In Zeiten hoher Arbeitsbelastung, Remote Work und zunehmender Erschöpfung unter Führungskräften und Mitarbeitenden ist es unabdingbar, Initiativen zur Verbesserung der mentalen Gesundheit zu etablieren. Untersuchungen belegen, dass jede:r vierte Arbeitnehmende regelmäßig von psychischen Erkrankungen betroffen ist (Workplace Insights, 2021), und die durchschnittliche Dauer eines Arbeitsausfalls aufgrund psychischer Probleme ist mit fast 40 Tagen so hoch wie nie (DAK, Psychreport 2022).
Laut Harvard Business Review (2019) forderten bereits vor der Corona-Krise 86 Prozent der Befragten einen offeneren Umgang mit mentaler Gesundheit. Doch welche Strategien können Unternehmen implementieren, um die psychische Gesundheit am Arbeitsplatz effektiv zu verbessern? Wie erreichen sie ihre gesamte Belegschaft und stärken die Kompetenzen der Führungskräfte so, dass sie eine übermäßige psychische Belastung im Team erkennen und angemessen darauf reagieren?

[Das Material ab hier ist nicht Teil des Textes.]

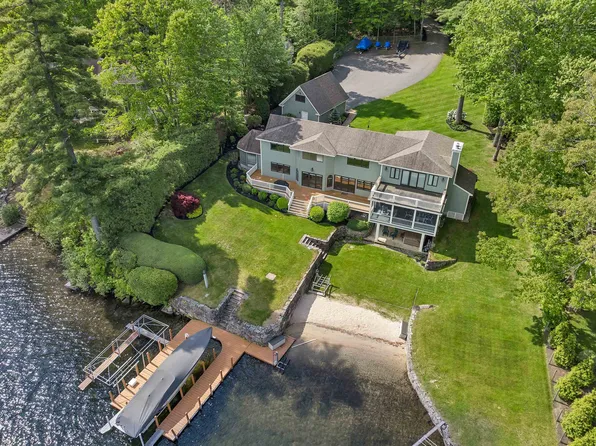 38 Stonehenge Road, Wolfeboro, NH 03894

In diesem Beitrag werden diese und weitere Fragen beantwortet und Dos und Don'ts für eine erfolgreiche Umsetzung vorgestellt.

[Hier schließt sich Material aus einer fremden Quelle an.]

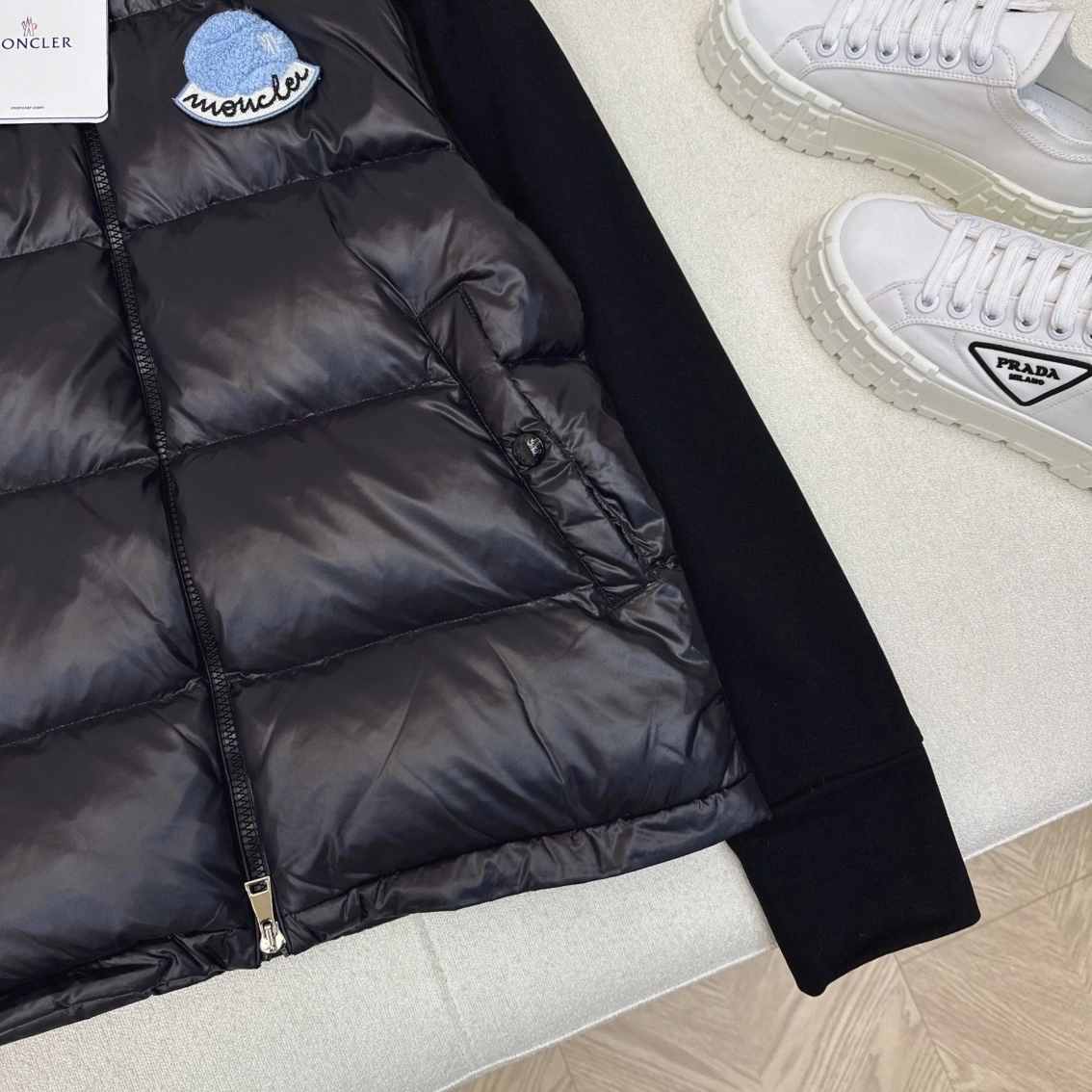 Moncler Down Jackets Cozy 146476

Sensibilisierung für das Thema Gesundheit
Ein bloßes Ignorieren des Themas und fehlende Kommunikation zur Gesundheitsförderung führen nicht zum gewünschten Erfolg. Stattdessen raten wir, die Belegschaft durch kurze und kreative Impulse zu sensibilisieren. Langwierige E-Learnings und Seminare sind oft zu zeitaufwendig und können zusätzlichen Stress für die Mitarbeitenden verursachen. Es reicht außerdem nicht aus, Angebote nur vor Ort bereitzustellen, insbesondere in Zeiten von Remote Work.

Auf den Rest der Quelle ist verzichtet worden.